> **Supplied information**
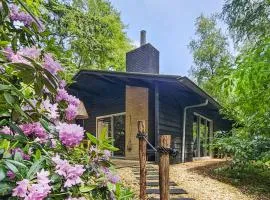 Stunning Home In Rheezerveen With Sauna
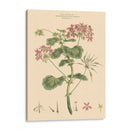 Rubor Rosa Floral Iv - John Miller | Cuadro decorativo de Canvas Lab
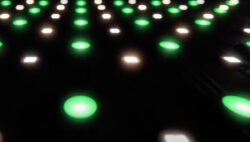 Earpro EES distribuye Lupo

> **About this exercise**
Please give the data again unaltered, leaving out any images.

> **Result of the task**
 Stunning Home In Rheezerveen With Sauna
 Rubor Rosa Floral Iv - John Miller | Cuadro decorativo de Canvas Lab
 Earpro EES distribuye Lupo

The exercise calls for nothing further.